What is really wanted is, as I've tried to describe before, a feature
that shows people for which they no longer get updates.

I did though give another title, than my original, which should make
more clear now what is missing.


> ... which is correct because it isn't obsolete as it's still
> downloadable.
> 
> Please see the documentation how the "obsolete" filter and grouping
> is defined in aptitude:
> 
> "This term matches any installed package which is not available in any
> version from any archive. These packages appear as “Obsolete or
> Locally Installed” in the visual interface."
Well I've seen that, but this probably simply isn't perfectly defined in
the light of having multiple suites with different statuses of the same
package.

The category isn't *just* "locally installed packages" it's "obsolete
*and* locally installed packages".
When having only one suite, and a package is dropped from that (which
implicitly means "user, you won't get any further updates"), than things
obviously match that definition, as you say.

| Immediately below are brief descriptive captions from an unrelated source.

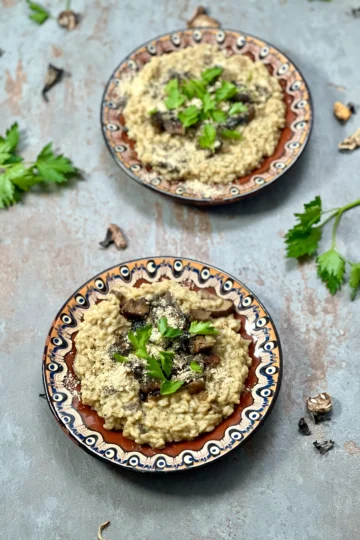 A bird's eye angle of two served plates of creamy vegan mushroom risotto w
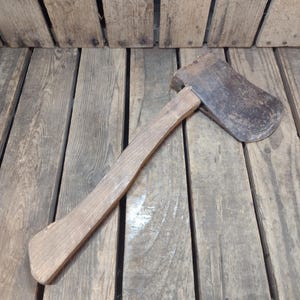 May include: A vintage axe with a wooden handle and a rusty metal head. The axe is lying on a wooden surface, showcasing its aged appearance and classic design. The axe's head is approximately 6 inches long.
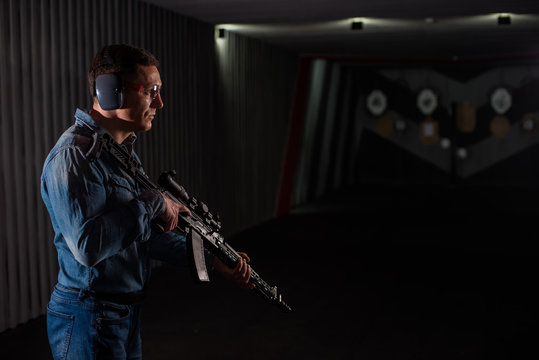 An adult man in jeans clothes, headphones and glasses, holding a Kalashnikov rifle with an optical sight. Trains fire with automatic weapons at the shooting range.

But as soon as you have multiple suites enabled (for the same repo), or
especially when you also have things like snapshot.d.o enabled, that
definition of "obsolete" makes no longer much sense, since one likely
always finds a suite where one can download a package from.

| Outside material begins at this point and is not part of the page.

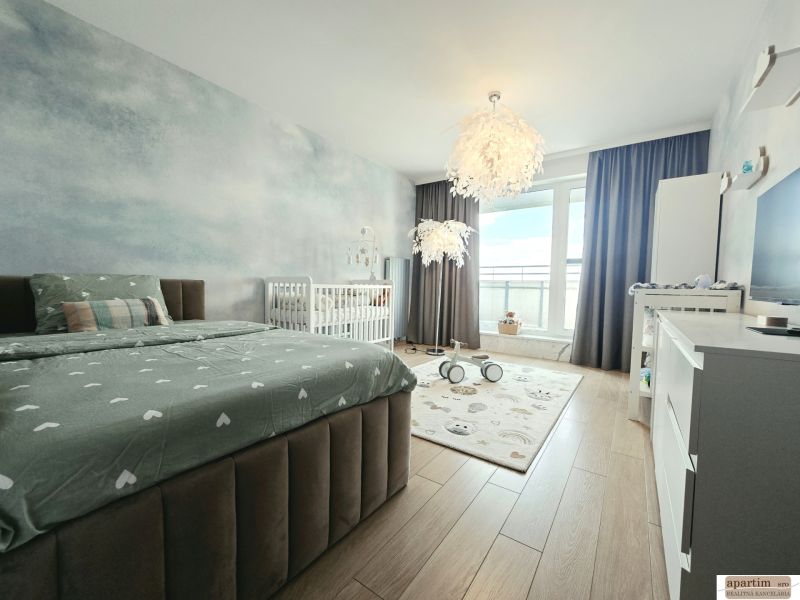 Schlafzimmer in einer 4-Zimmer-Wohnung mit Holzboden, Bett und Kinderbett.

For the user, who has such a package already installed, the information
"you cannot donwload this anymore" is rather useless anyway, why should
the user want to download it again, he already has it installed.
The information that is of interest in the end is: "this package is no
longer part of the repo and will no longer be updated".

Now in the multi-suite scenario I've described it *is* of course still
part of some repo, but not of the user's "main" repo.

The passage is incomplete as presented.